The early bird gets the worm, and early adopters of Aptos got free tokens a.k.a. airdrops. Following its much-awaited launch, the Layer-1 blockchain company rewarded its early participants with free APT tokens.
The Aptos Foundation shared the airdrop news on 18 October via a series of tweets.
The foundation airdropped the tokens to users who completed an application for an Aptos Incentivized Testnet and to users who minted an APTOS: ZERO testnet NFT. As many as 110,235 eligible participants received 20 million APT tokens, according to the company. The airdropped tokens constitute 2% of APT’s initial total supply of 1 billion.
The airdrop was estimated to cost $200–$260 million based on market prices at the time.

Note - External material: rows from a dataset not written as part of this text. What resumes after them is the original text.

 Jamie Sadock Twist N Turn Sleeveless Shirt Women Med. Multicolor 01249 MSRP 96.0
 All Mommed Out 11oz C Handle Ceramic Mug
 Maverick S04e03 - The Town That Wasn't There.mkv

Aptos airdrop: The context
Aptos co-founders Mo Shaikh and Avery Ching, both former Meta employees, launched the blockchain on 18 October. The airdrop was launched a day later as part of a marketing strategy and was meant to show the community appreciation for its support.

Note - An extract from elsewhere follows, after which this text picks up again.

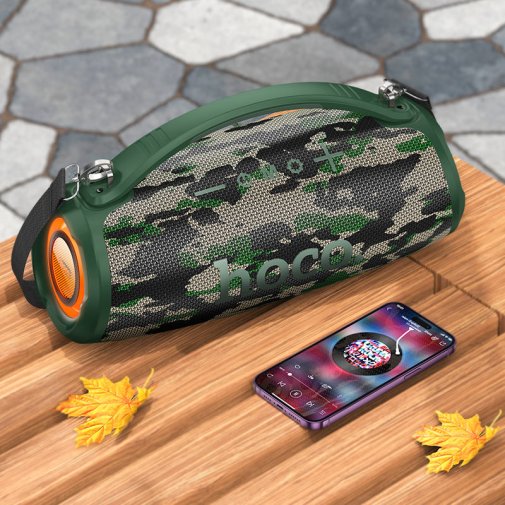 Портативна колонка Hoco HA4 SURGE OUTDOOR Camouflage Green (HA4 Camouflage Green)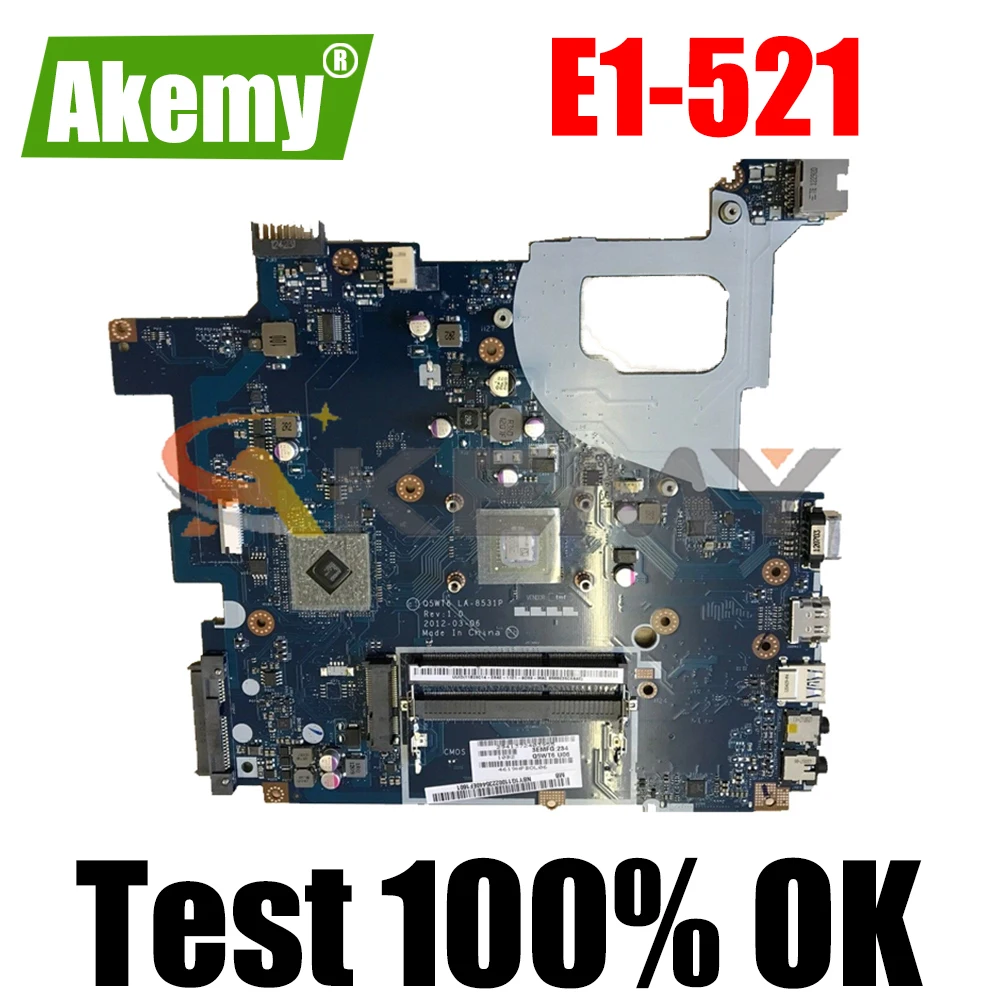 

Q5WT6 LA-8531P Mainboard For Acer Packard Bell E1-521 Laptop motherboard TE11BZ NBY1G11001 DDR3 full tested ok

Additionally, Aptos Foundation’s first airdrop came at a time when the project had been under significant scrutiny on Twitter. Several users, on social media platforms, criticized the coin for unclear tokenomics, inconsistent communications, and significantly lower transaction throughput than promised. (See the tweet below by popular crypto podcaster Cobie, for example.)

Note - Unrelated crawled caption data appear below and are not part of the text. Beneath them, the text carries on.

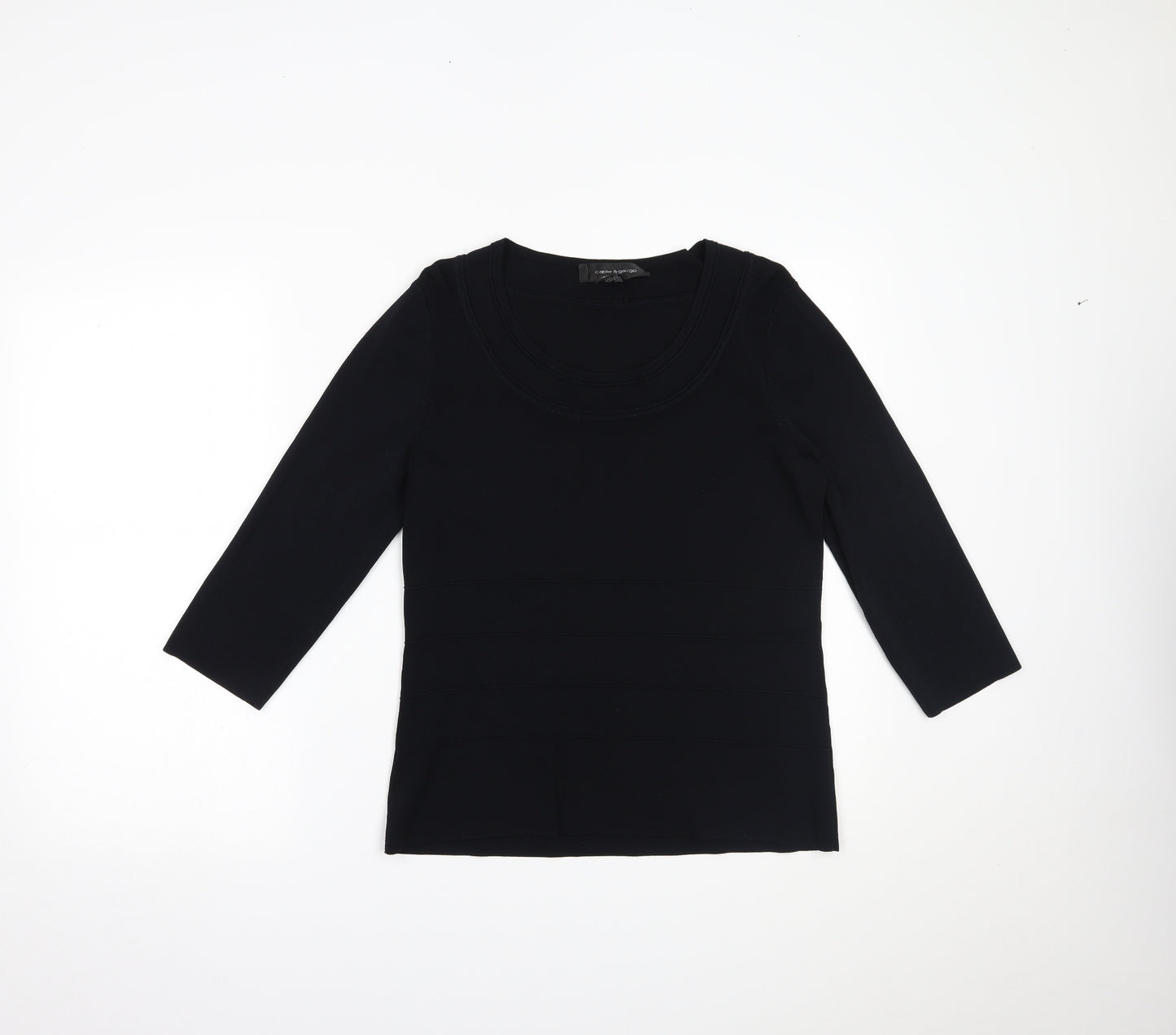 cable & Womens Black   Basic Blouse Size M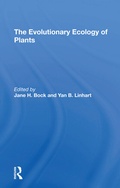 Cover: The Evolutionary Ecology Of Plants - CRC Press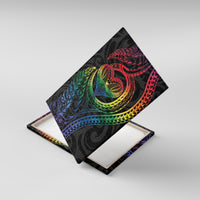 New Zealand Pride Canvas Wall Art Takatapui Rainbow Fern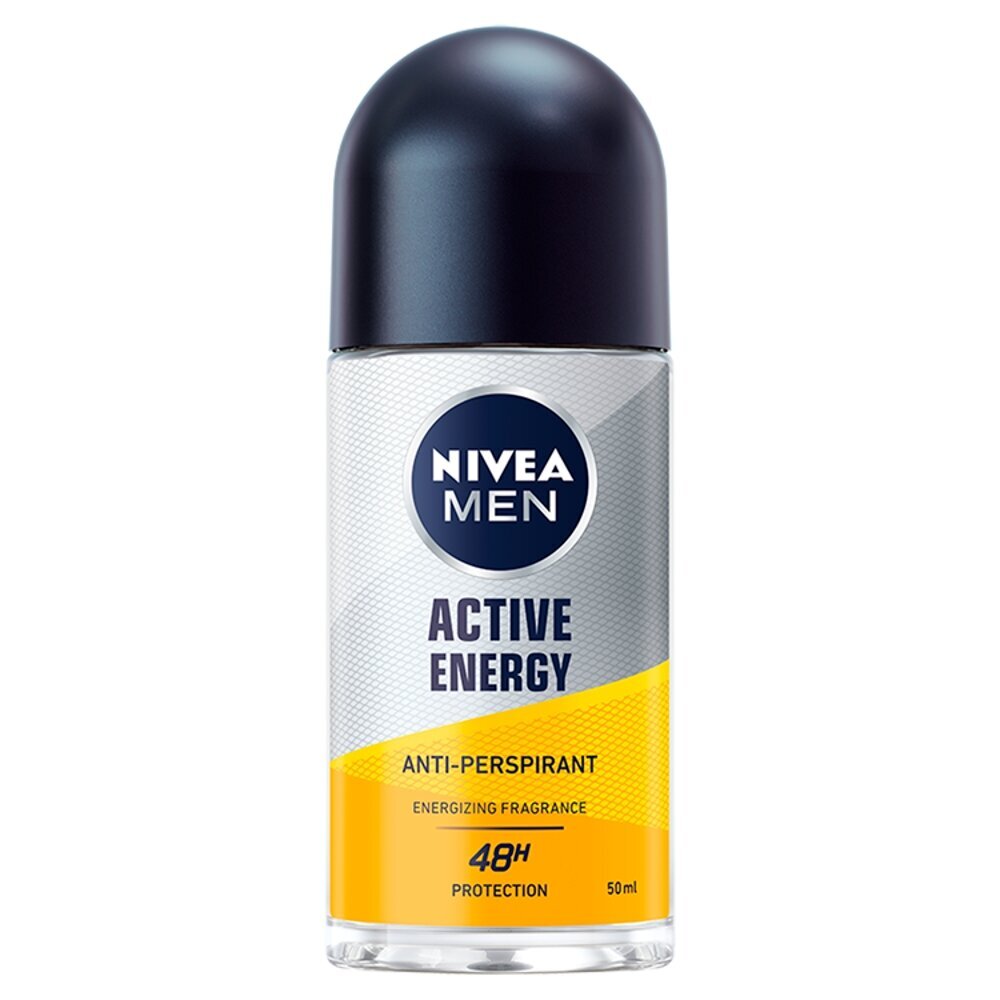 Rutulinis dezodorantas Nivea Active Energy vyrams, 50 ml kaina ir informacija | Dezodorantai | pigu.lt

APT off to a sluggish start despite airdrop
Despite its much-anticipated arrival, token APT had a slow start on its first day of trading. Significant disparities have been noted between the numbers reported by different aggregators, but they all seem to be on the lower side. CoinGecko reveals that, at publishing time, APT’s price has dropped to $$7.54. The 24-hour trading volume is at $303,995,891. Binance data, on the other hand, suggests that APT’s value briefly spiked to as high as $59.39 before crashing to under $10.
After the release of the airdrop, the foundation was called out by WU blockchain, Asian crypto news provider, for airdropping APT tokens without an anti-Sybil attack system. The absence of this system, which is meant to help preventing a specific kind of attack, led to “some people getting a lot of tokens.” That led to selling pressure and the crash.